After the triumph, McDonald was quick to heap praise on Waller.
“Chris just trains her up beautifully every time,” the winning rider said. “He did it for a Cox Plate, he’s done it for the Queen Elizabeth.
“You could poke holes in her performances coming into today because she hasn’t been winning by big margins, but that’s the type of horse she is now, she only does what she has to.
“She felt like she was going to rip away and then at the furlong she’s just doing enough.
“Very good horse. There was one little worrying moment, I thought the one I was following was going to kick for a gap and he just didn’t go for it and I ended up back off him, but she was superior, once I got those gaps, she sliced through and went bang.”
Via Sistina was bred in Ireland but by UK interests, from the quintessentially English-sounding Laundry Cottage Stud. While advertising as a small, family-run affair away from the Newmarket hub in North Hertfordshire, it can also lay claim to breeding outstanding racehorse and now exciting sire Wootton Bassett (Iffraaj).
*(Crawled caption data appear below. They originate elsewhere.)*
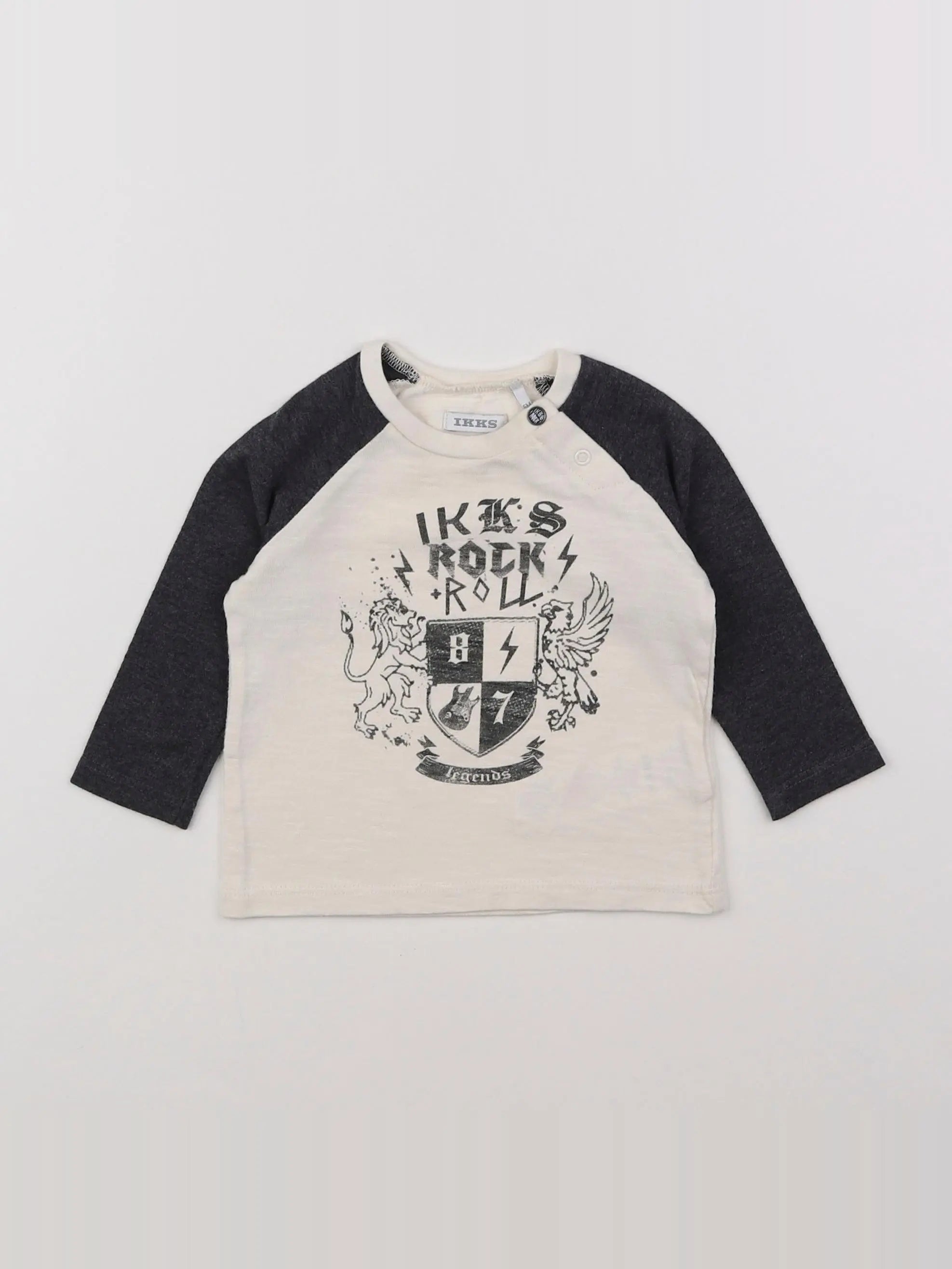 IKKS - tee-shirt beige, gris - 6 mois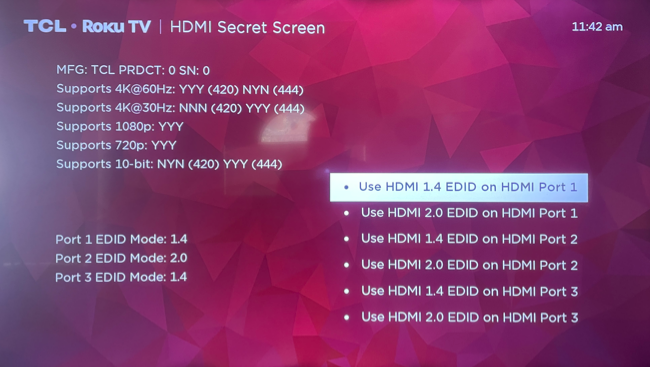 Экран настроек HDMI на Roku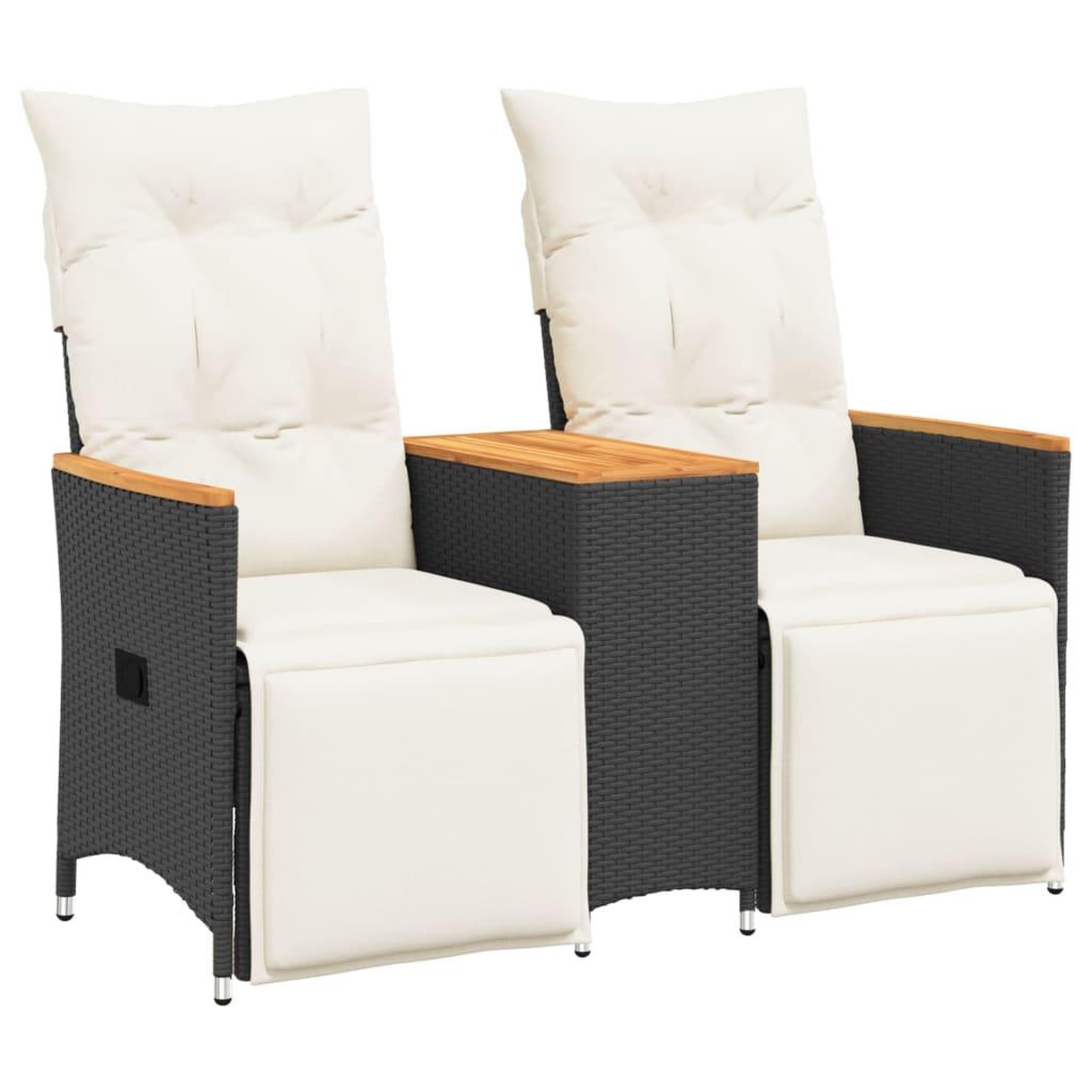 Voir la diapositive 2 : VIDAXL Canape de jardin inclinable 2 places avec table noir poly rotin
The super mare is the fifth and very much the best of seven named foals for the unraced Nigh (Galileo). Suggesting major influence from Fastnet Rock in their mating during his shuttling career to Ireland, only one other of Nigh’s offspring has won, and that is Fougere (Bated Breath), who claimed only a Nottingham handicap in 19 starts.
Via Sistina is another example of Fastnet Rock’s potency when crossed with daughters of Coolmore’s perennial breed-shaping sire Galileo (Sadler’s Wells). She is among the nick’s 30 stakes winners, and is one of 11 Group 1 victors bred on the cross.
The yearling Via Sistina was sold by agent Jamie Railton to Stephen Hillen Bloodstock for just 5,000gns from Book 3 of Tattersalls’ October Yearling Sale in 2019.
From those inauspicious beginnings, she was bought by Yulong associate Evergreen Equine at Tattersalls’ December Mares Sale last year for 2,700,000gns, from the draft of Ireland’s Grove Stud.